WORK INSTRUCTION → After locating the line that holds "Man working on", repeat it and each following line exactly until the material ends, skipping pictures.

RECORDS FOR THIS EXERCISE →
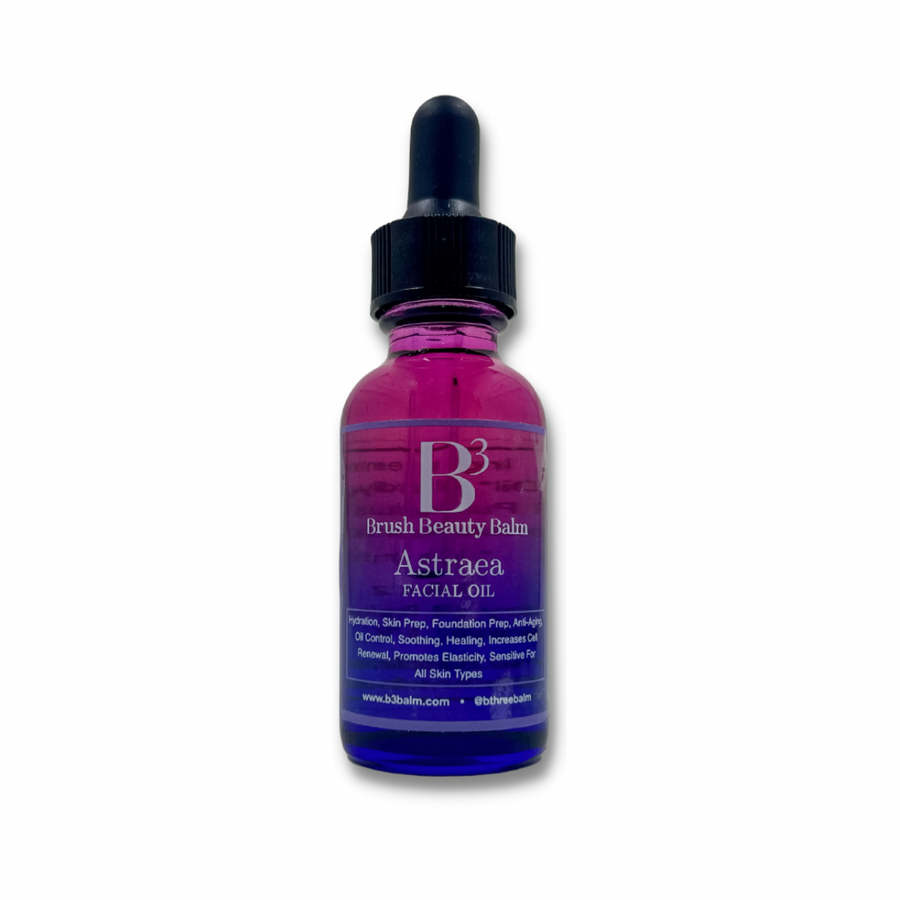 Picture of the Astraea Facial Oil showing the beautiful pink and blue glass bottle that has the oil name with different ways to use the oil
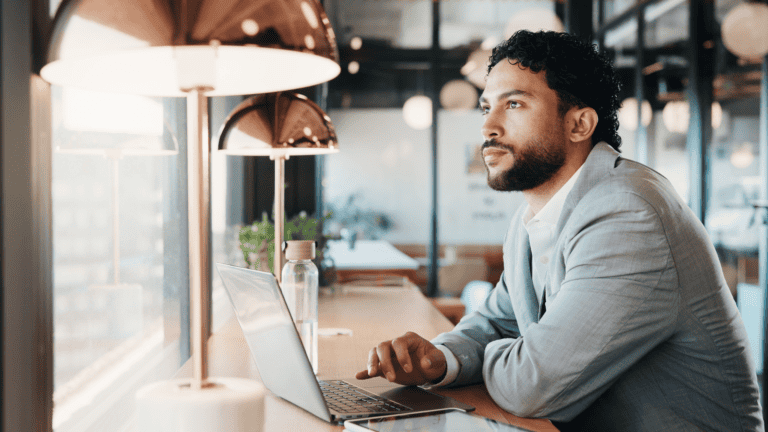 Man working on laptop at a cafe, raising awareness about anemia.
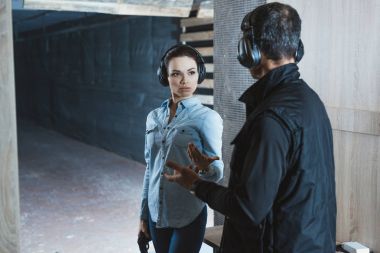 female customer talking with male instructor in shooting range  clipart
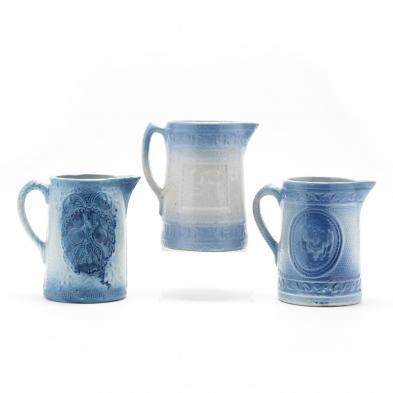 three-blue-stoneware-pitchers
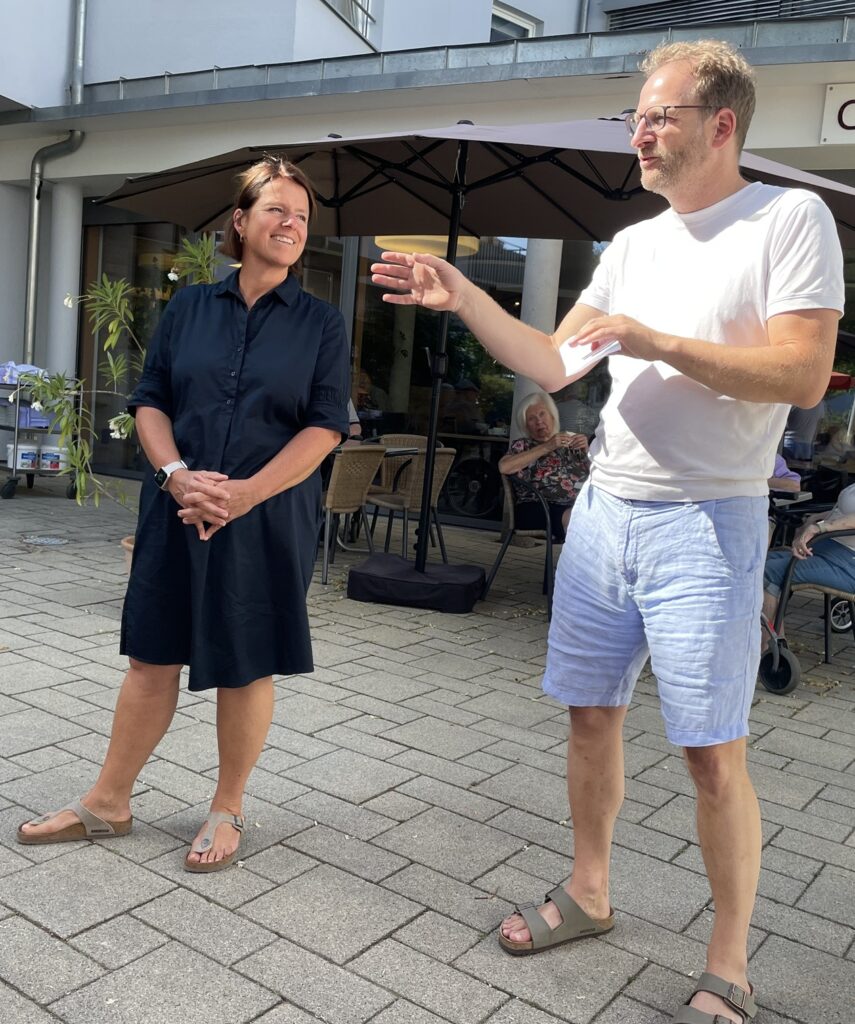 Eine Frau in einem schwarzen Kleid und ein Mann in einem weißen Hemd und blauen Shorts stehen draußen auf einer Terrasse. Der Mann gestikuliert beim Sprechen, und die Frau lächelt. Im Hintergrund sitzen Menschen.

WRITTEN ANSWER →
 Man working on laptop at a cafe, raising awareness about anemia.
 female customer talking with male instructor in shooting range  clipart
 three-blue-stoneware-pitchers
 Eine Frau in einem schwarzen Kleid und ein Mann in einem weißen Hemd und blauen Shorts stehen draußen auf einer Terrasse. Der Mann gestikuliert beim Sprechen, und die Frau lächelt. Im Hintergrund sitzen Menschen.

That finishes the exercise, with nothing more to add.